Pd da Napolitano, confronto sulla legge elettorale
ROMA — Mai e poi mai il presidente della Repubblica, se tutto dovesse precipitare, porterà il Paese al voto senza prima aver messo in sicurezza il sistema elettorale. Giorgio Napolitano lo ha detto con estrema chiarezza alla delegazione del Pd che ieri, guidata da Guglielmo Epifani, è andata da lui alla tenuta di Castelporziano. «Incontro di prassi», provano a derubricare l’incontro dall’ufficio stampa del Nazareno. In realtà la conversazione è stata diretta e intensa, è servita a fare il quadro della delicatissima situazione politica innescata dalla sentenza di condanna subìta da Berlusconi e a passare in rassegna i possibili scenari futuri.

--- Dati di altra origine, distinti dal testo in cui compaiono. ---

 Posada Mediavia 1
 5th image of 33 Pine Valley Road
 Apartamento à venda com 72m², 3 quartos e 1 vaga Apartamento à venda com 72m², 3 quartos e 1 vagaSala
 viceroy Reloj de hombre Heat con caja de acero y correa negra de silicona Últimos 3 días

Il clima? «Forte preoccupazione», condivisa sia dai vertici democratici che dal capo dello Stato, il quale guarda con crescente sconcerto alla continua rissa tra le forze di maggioranza. Napolitano sarebbe così in ansia per il guerreggiare quotidiano tra Pd e Pdl che, stando a una voce incontrollata, avrebbe fatto balenare il più cupo degli scenari: le sue dimissioni, nel caso in cui le forze politiche non riusciranno a garantire al governo di Enrico Letta la necessaria stabilità politica. Ma la suggestione, che ieri girava con insistenza tra Montecitorio e Palazzo Madama alla vigilia delle ferie, non trova alcuna conferma ufficiale. Anzi, nel Pd c’è chi sostiene che «è stata messa in giro dal Pdl» perché il capogruppo dei senatori, Renato Schifani, era informato dalla «missione» di Epifani e compagni dal capo dello Stato.

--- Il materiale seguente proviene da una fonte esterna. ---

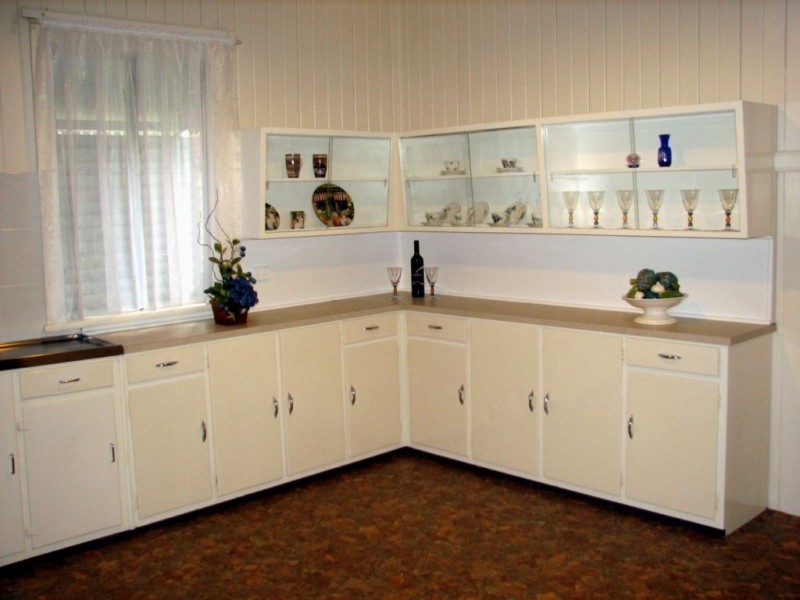 2 Windermere Street, Walkervale QLD 4670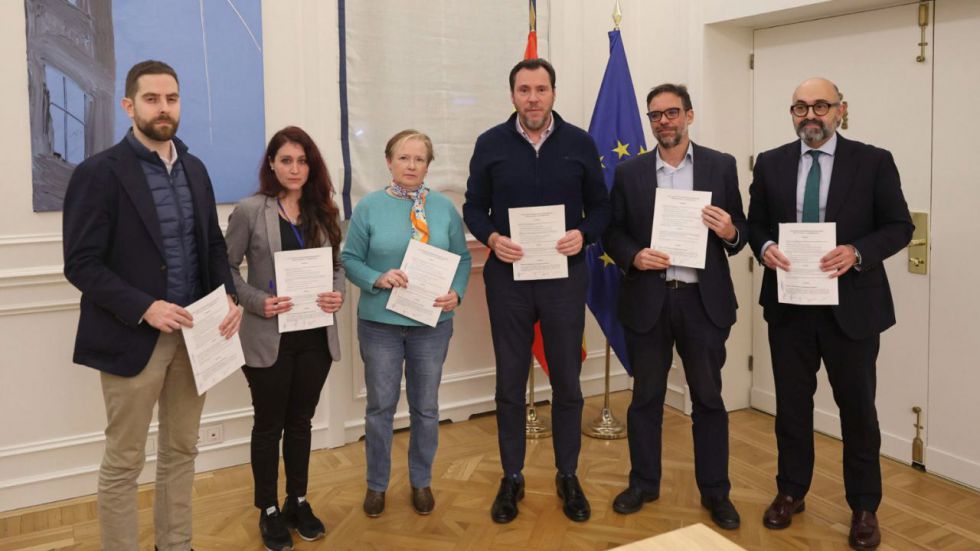 Puente desactiva la huelga ferroviaria tras prometer 1.800 millones en mantenimiento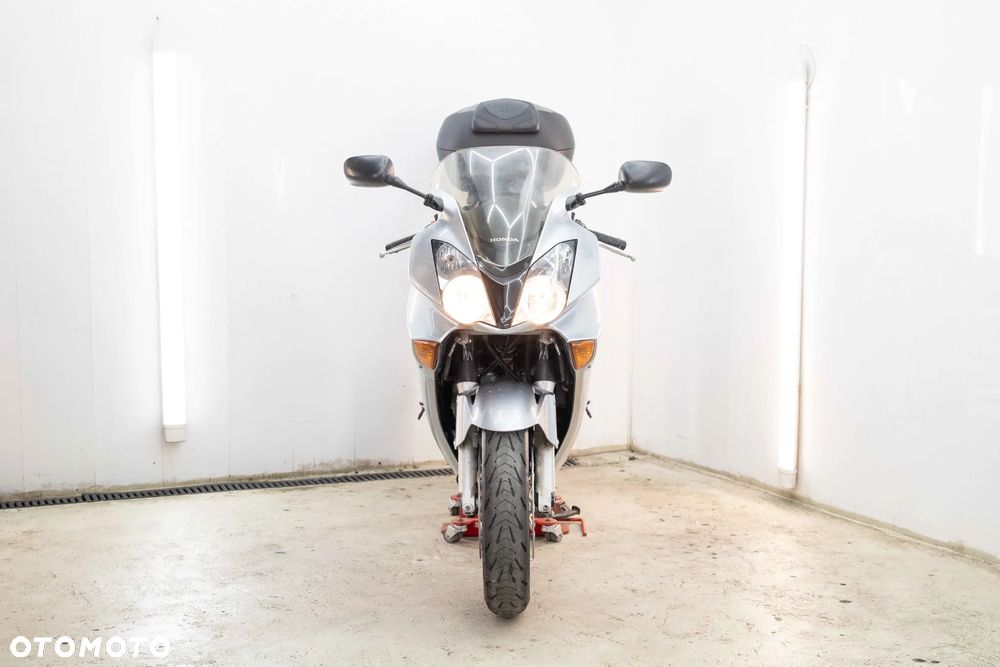 Honda VFR - 6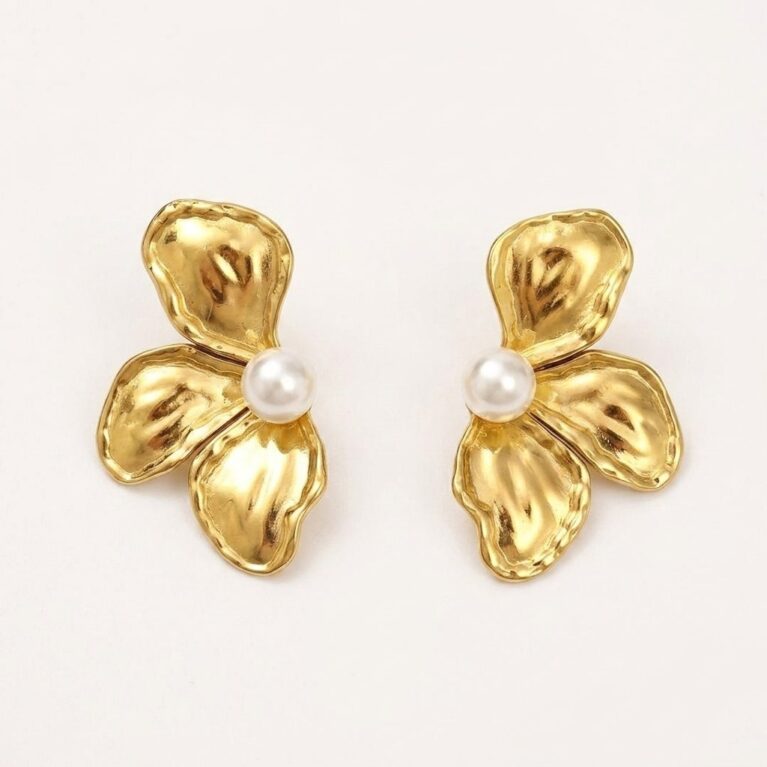 Floral Pearl Earrings - Ατσάλινα Σκουλαρίκια με Λουλούδι και Πέρλα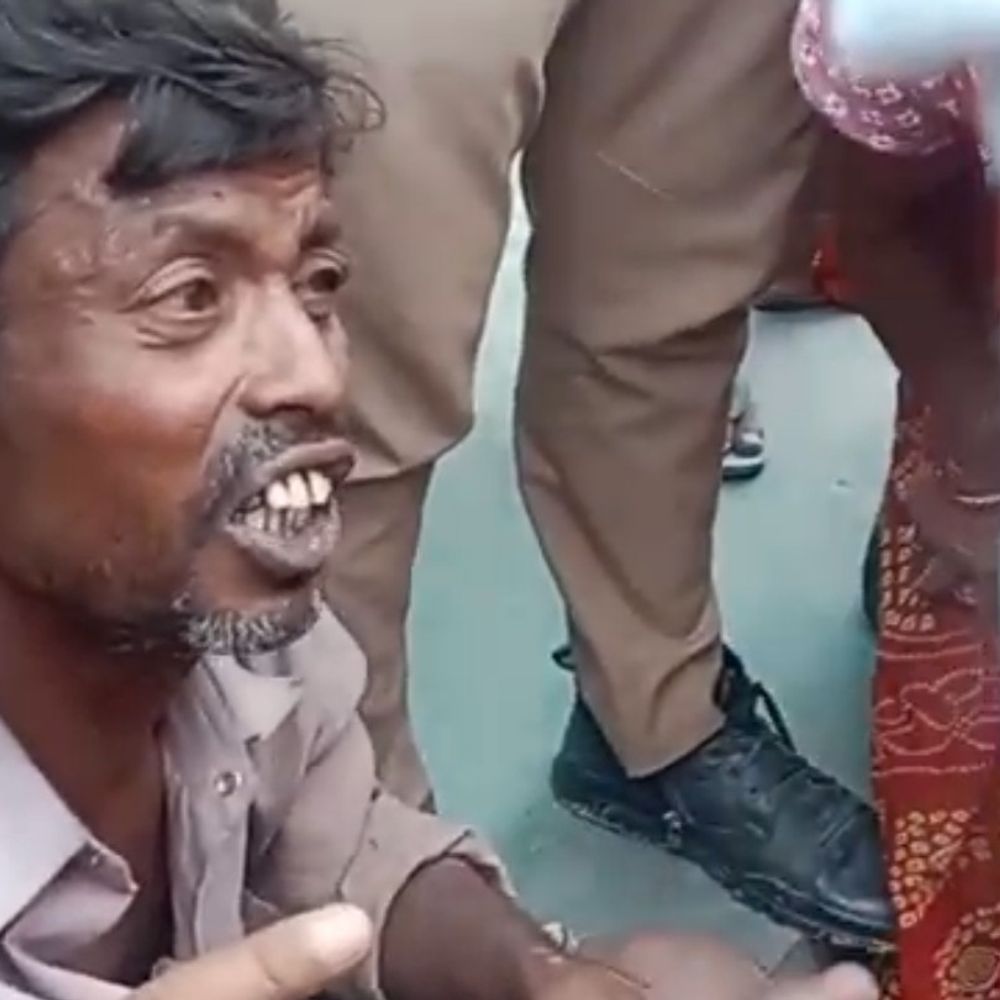 मानसिक रूप से कमजोर किशोरी को रातभर बंधक बनाकर दुष्कर्म:सुबह परिवार खोजते पहुंचा तब मिली, एक आरोपी को पकड़कर पब्लिक ने पीटा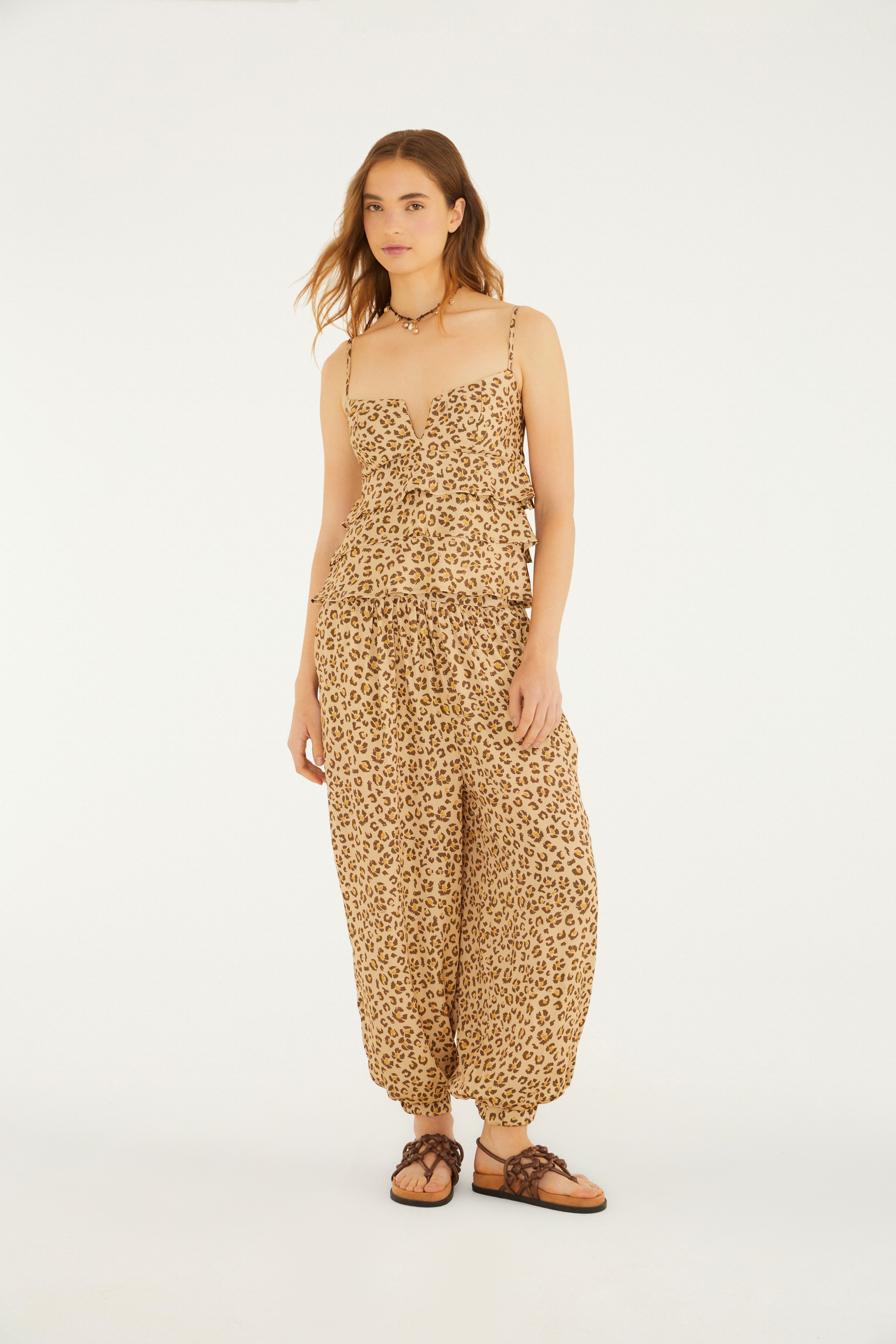 Blusa Babados Estampado Onça Flor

All’incontro, oltre ai capigruppo Roberto Speranza e Luigi Zanda, ha partecipato anche la presidente della commissione Affari costituzionali di Palazzo Madama, Anna Finocchiaro, segno che il cuore del confronto ha riguardato le riforme. Alla riapertura delle Camere, Napolitano si aspetta dai partiti un segnale di impegno sulla legge elettorale, vuole che il «Porcellum» sia modificato al più presto con la cosiddetta clausola di salvaguardia, prima che (a fine anno) la Consulta si esprima in merito alla costituzionalità dell’intero sistema. I democratici assicurano che il presidente non abbia rivolto loro alcun «monito», né alcuna «minaccia» e che si sia trattato di una riflessione pacata sulla tenuta del governo e sull’urgenza delle riforme. Resta il fatto che Napolitano abbia molto insistito sulla necessità di placare le fibrillazioni, che rischiano di far saltare anzitempo l’esecutivo Letta. Lunedì era stata la volta dei capigruppo del Pdl, Brunetta e Schifani erano saliti al Colle per invocare «agibilità politica» per Berlusconi, ma di questo, dicono al Pd, con loro non si sarebbe parlato.
I democratici continuano intanto a farsi la guerra sulla data del congresso. Per i renziani la scadenza del 24 novembre è sacra, mentre la segreteria continua a prendere tempo. Tanto che molti cominciano a temere che l’asse Epifani-Franceschini-Letta-Bersani sia tentato di rinviare le assise alle calende greche. Uno «sbalordito» Paolo Gentiloni, in grande sintonia con Renzi, la spiega così: «Hanno l’incubo di un Pd guidato da Matteo, il terrore di vincere le elezioni se la situazione precipita… La più grande preoccupazione dei vertici del Pd è evitare che il sindaco possa diventare segretario».